What you need to do: Could you retype exactly the line containing "Agna Alpaca Merino" and every line after it in the data below, leaving out the pictures?

Data shown:
----

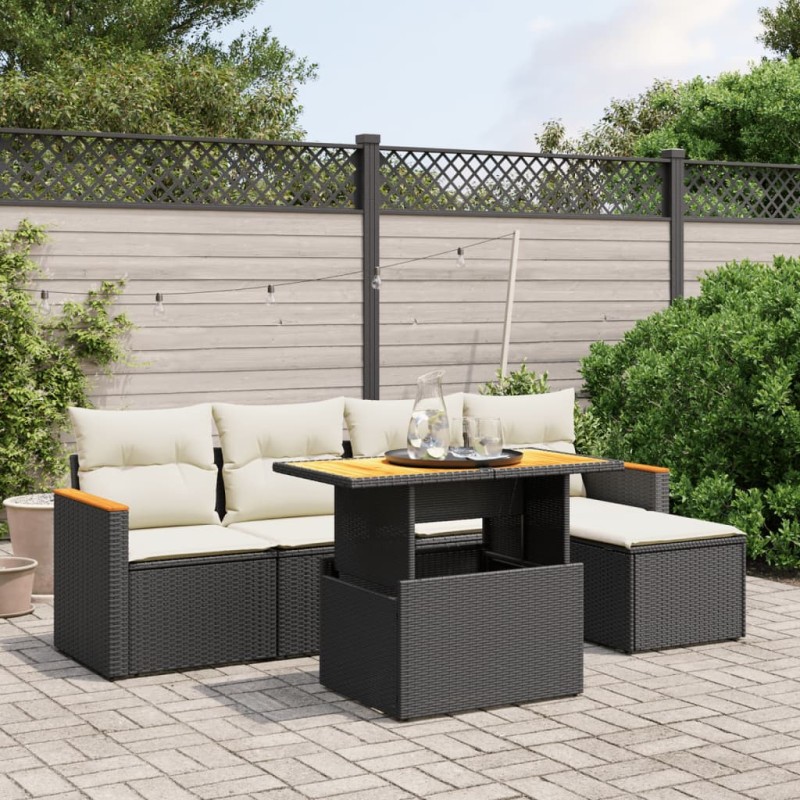 vidaXL Set de sofás de jardín 6 piezas y cojines ratán sintético negro vidaXL Set de sofás de jardín 6 piezas y cojines ratán sintético negro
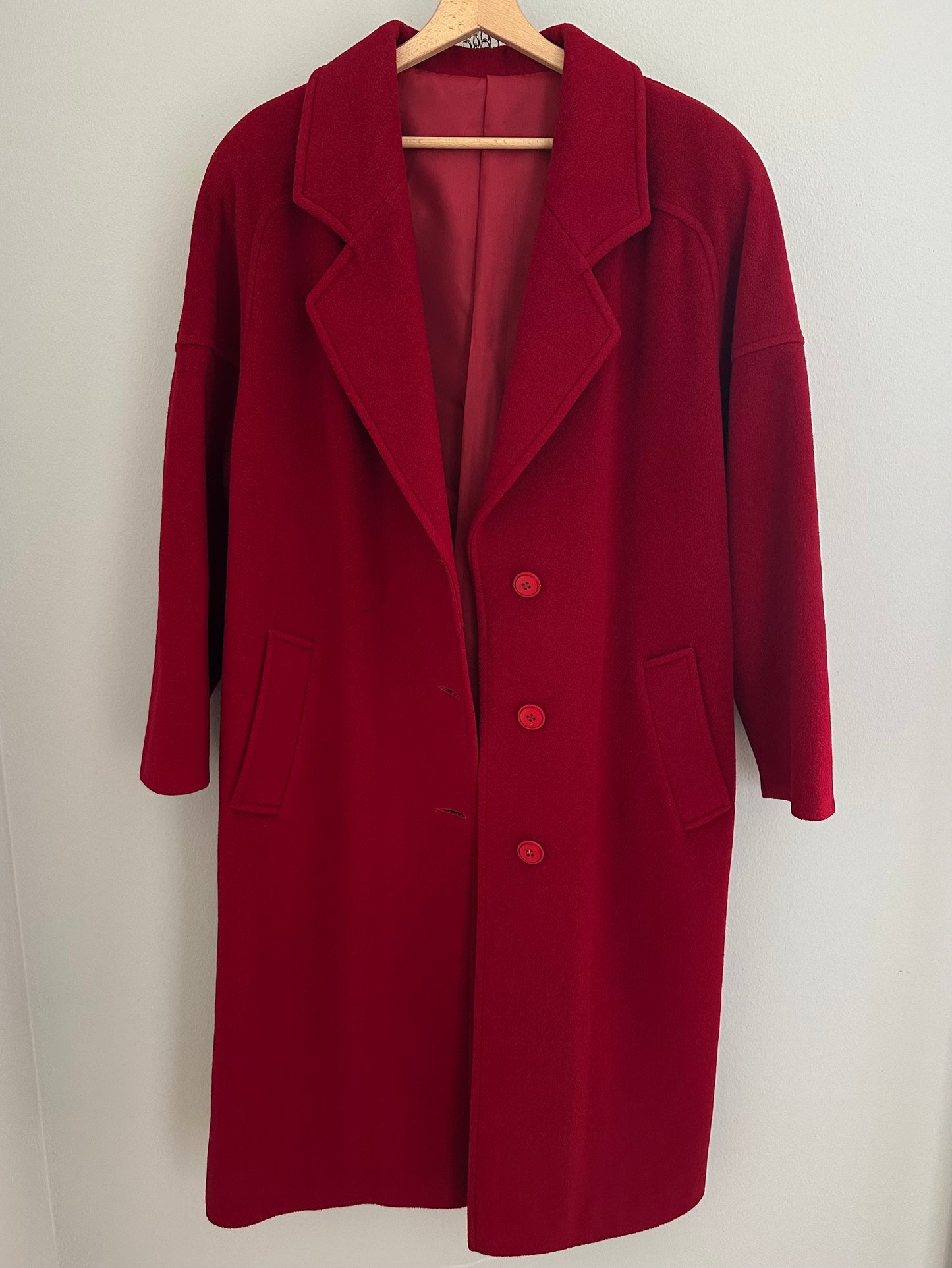 Cappotto Lungo Vintage Anni ‘80 in Misto Lana Rosso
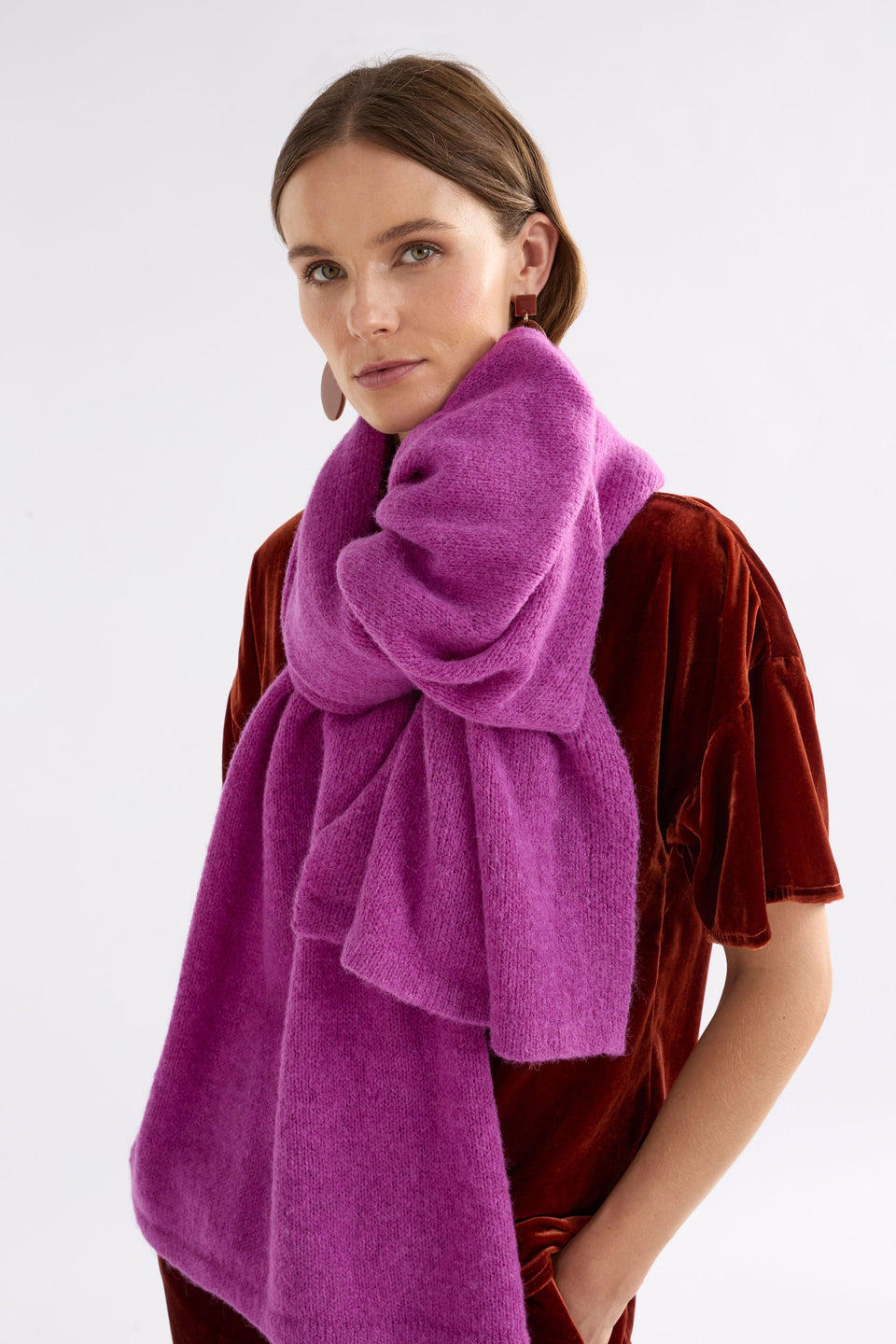 Agna Alpaca Merino Wool Scarf Model front | PINK BERRY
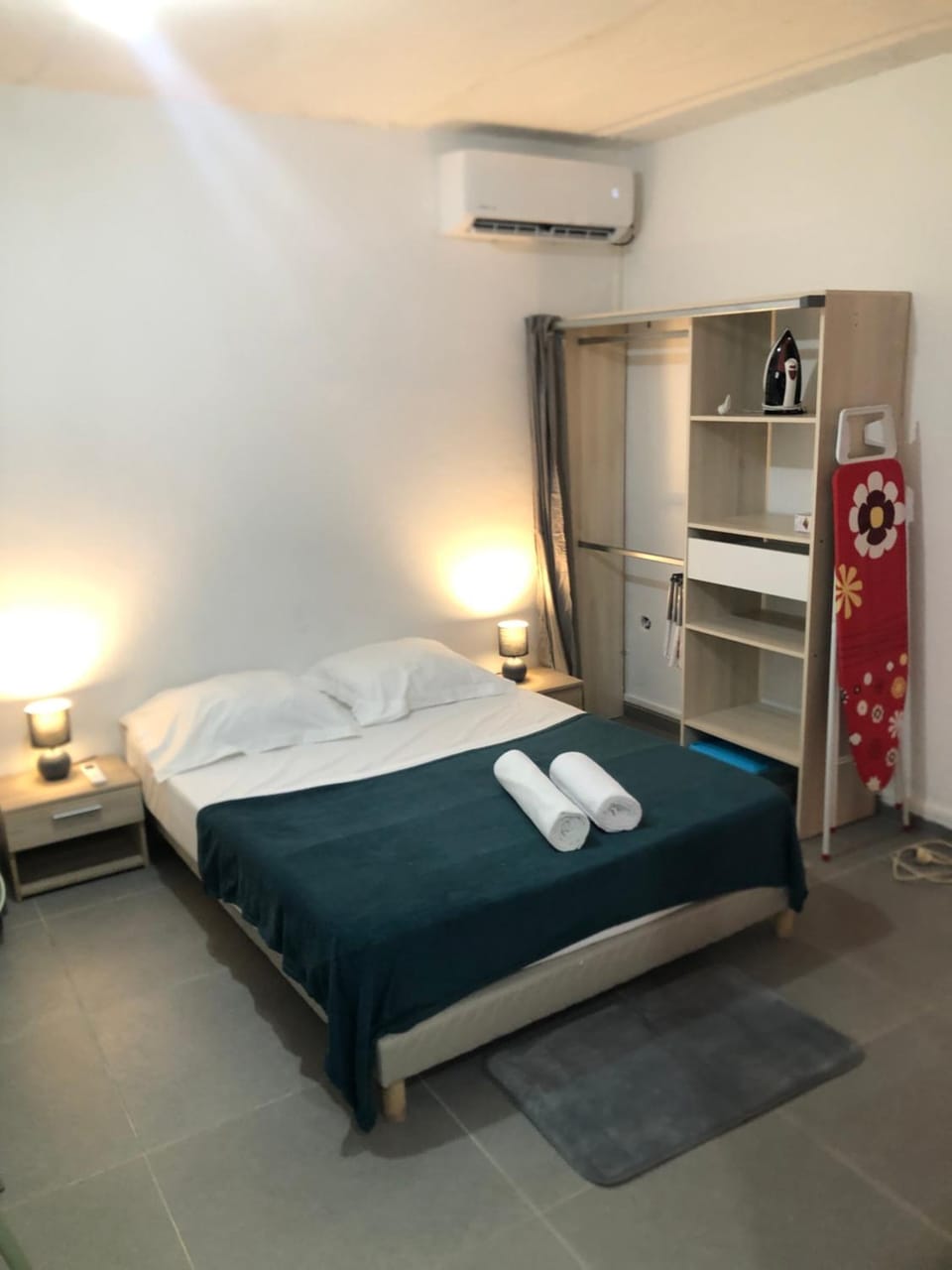 Bed, Photo of the whole room, Bedroom, towels, wardrobe, air conditioner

----

Written solution:
 Agna Alpaca Merino Wool Scarf Model front | PINK BERRY
 Bed, Photo of the whole room, Bedroom, towels, wardrobe, air conditioner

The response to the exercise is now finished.